Dataset Analysis

Dataset Analysis#

Prior to executing training tasks, performing comprehensive dataset feature analysis is essential. This process enables systematic evaluation of training memory requirements through statistical characteristics (e.g., edge distribution in individual graph structures), informs parameter configuration strategies (including neural network irreducible representations), and guides performance expectation assessments while establishing model evaluation baselines.

DFT Data Features#

Command Line Interface#

The dock analyze dataset features command provides comprehensive analysis of DFT dataset characteristics, enabling users to make informed decisions about model architecture and training strategy.

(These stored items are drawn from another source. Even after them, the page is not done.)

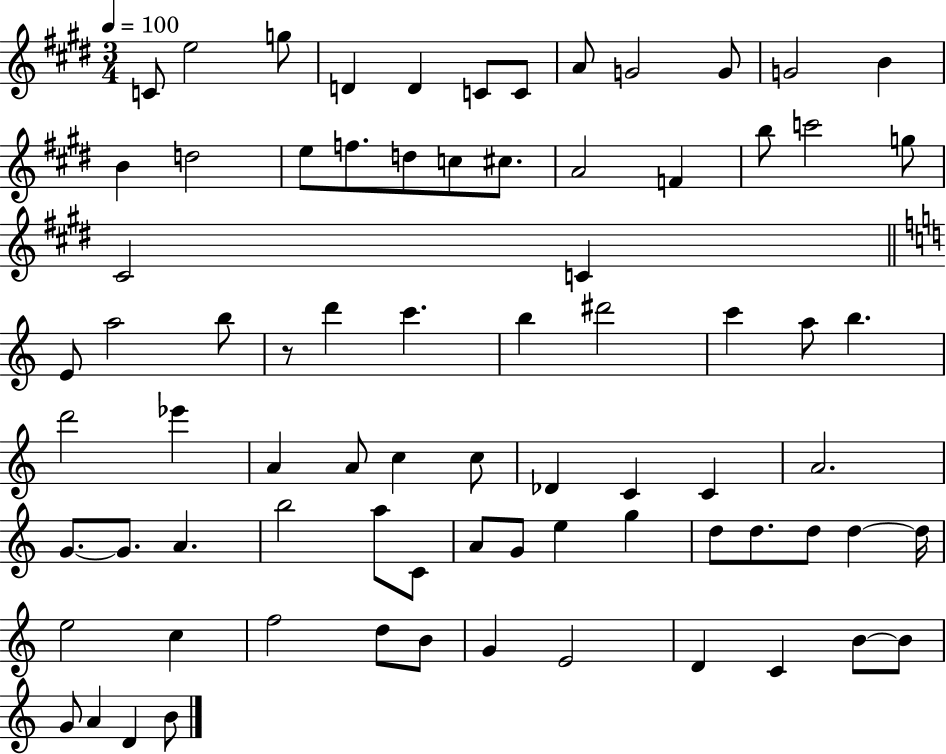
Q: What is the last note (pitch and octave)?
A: B4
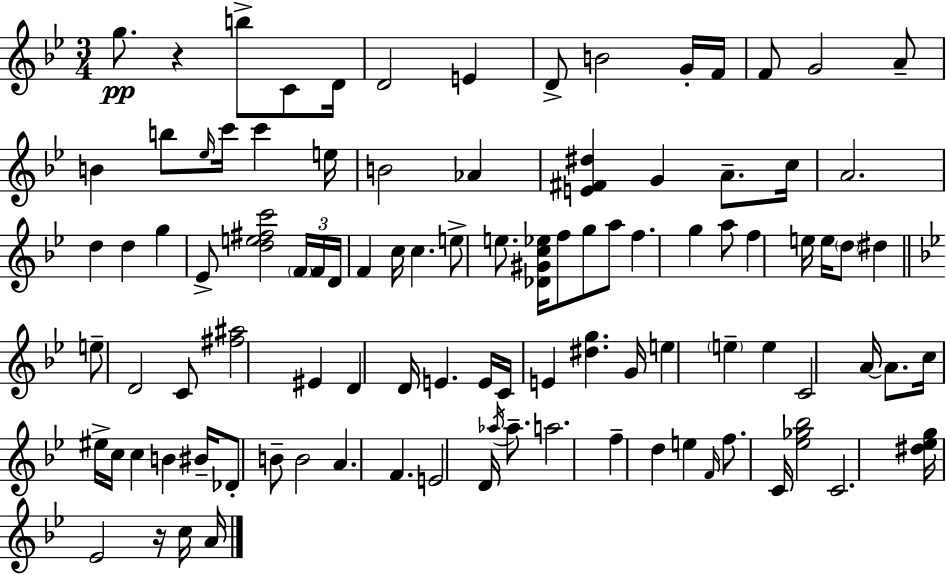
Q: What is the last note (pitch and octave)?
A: A4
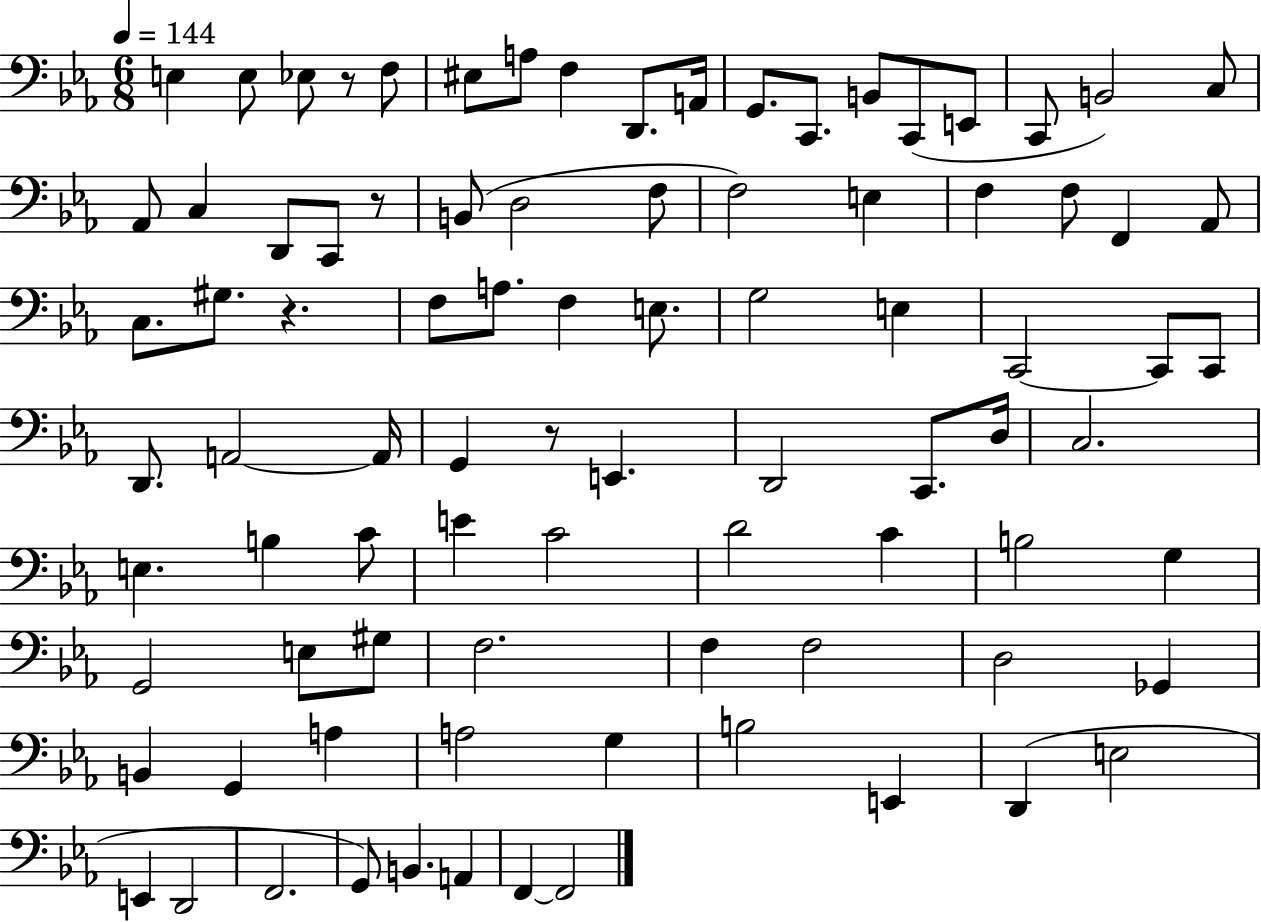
E3/q E3/e Eb3/e R/e F3/e EIS3/e A3/e F3/q D2/e. A2/s G2/e. C2/e. B2/e C2/e E2/e C2/e B2/h C3/e Ab2/e C3/q D2/e C2/e R/e B2/e D3/h F3/e F3/h E3/q F3/q F3/e F2/q Ab2/e C3/e. G#3/e. R/q. F3/e A3/e. F3/q E3/e. G3/h E3/q C2/h C2/e C2/e D2/e. A2/h A2/s G2/q R/e E2/q. D2/h C2/e. D3/s C3/h. E3/q. B3/q C4/e E4/q C4/h D4/h C4/q B3/h G3/q G2/h E3/e G#3/e F3/h. F3/q F3/h D3/h Gb2/q B2/q G2/q A3/q A3/h G3/q B3/h E2/q D2/q E3/h E2/q D2/h F2/h. G2/e B2/q. A2/q F2/q F2/h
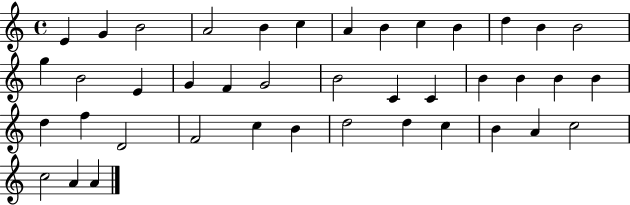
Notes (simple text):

E4/q G4/q B4/h A4/h B4/q C5/q A4/q B4/q C5/q B4/q D5/q B4/q B4/h G5/q B4/h E4/q G4/q F4/q G4/h B4/h C4/q C4/q B4/q B4/q B4/q B4/q D5/q F5/q D4/h F4/h C5/q B4/q D5/h D5/q C5/q B4/q A4/q C5/h C5/h A4/q A4/q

dock analyze dataset features [OPTIONS] DATA_PATH

Basic Usage#

# Analyze dataset with default settings
dock analyze dataset features /path/to/your/data

# Analyze dataset with specified orbital types
dock analyze dataset features . --common-orbital-types s3p2d1f1

# Analyze dataset considering parity and with parallel processing
dock analyze dataset features /path/to/data --consider-parity -p 4

Options Explained#

Option	Alias	Description	Default
`--parallel-num`	`-p`	Number of parallel processes for analysis. `-1` uses all available CPU cores.	`-1`
`--tier-num`	`-t`	Directory tier level for DFT data organization: • `-1`: `<data_path>/dft` • `0`: `<data_path>/dft/<data_dirs>` • `1`: `<data_path>/dft/<tier1>/<data_dirs>`	`0`
`--common-orbital-types`	`--common`	User-defined common orbital types specification (e.g., `s3p2d1f1`)	Auto-detected
`--consider-parity`		Include parity consideration in irreps analysis	`False`
`--help`	`-h`	Display help message	N/A

Output Interpretation#

The command generates a comprehensive analysis report with multiple sections:

Example Output for Water (H\(_2\)O) Dataset#

📊 BASIC DATASET INFO
-----------------------
  • Spinful:                False
  • Parity consideration:   False
  • Total data points:      4,999

🧪 ELEMENT & ORBITAL INFO
---------------------------
  • Elements included:      H, O (2 elements)
  • Orbital source:         auto_detected
  • Common orbital types:   s3p2d1f1

🎯 IRREPS INFORMATION
-----------------------
  Irreps Type          Irreps                                             Dimension 
  .................... .................................................. ..........
  Common orbital       15x0e+24x1e+22x2e+18x3e+8x4e+3x5e+1x6e             441     
  Suggested            16x0e+24x1e+24x2e+24x3e+8x4e+4x5e+2x6e             518     
  Exp2                 32x0e+16x1e+8x2e+4x3e+2x4e+2x5e+2x6e               214     
  Trivial              32x0e+32x1e+32x2e+32x3e+32x4e+32x5e+32x6e          1568    

💡 RECOMMENDATIONS
--------------------
  1. Moderate dataset size - regular training recommended
  2. High-dimensional irreps - consider dimensionality reduction techniques

Key Information Sections#

1. Basic Dataset Info

Spinful: Indicates if the system is spin-polarized (True) or spin-restricted (False)
Parity consideration: Whether spatial inversion symmetry is considered in irreps
Total data points: Number of DFT calculation samples available for training

2. Element & Orbital Info

Elements included: Chemical elements present in the dataset with count
Orbital source: Whether orbital types were auto-detected or user-specified
Common orbital types: Orbital basis specification in sNpNdNfN format
- Example: s3p2d1f1 means 3 s-orbitals, 2 p-orbitals, 1 d-orbital, 1 f-orbital

3. Irreps Information The irreps (irreducible representations) table shows four different symmetry-adapted representations:

Irreps Type	Purpose	When to Use
Common orbital	Symmetry-adapted basis from detected orbital types	Default choice for most models
Suggested	Optimized representation based on symmetry analysis	For best performance with the current dataset
Exp2	Reduced-dimensional representation	When computational efficiency is prioritized
Trivial	Complete (non-symmetry-adapted) representation	As a baseline or for debugging

The notation NxMe indicates N occurrences of irreducible representation with angular momentum M and parity e (even). For example, 15x0e means 15 scalar (ℓ=0) even-parity representations.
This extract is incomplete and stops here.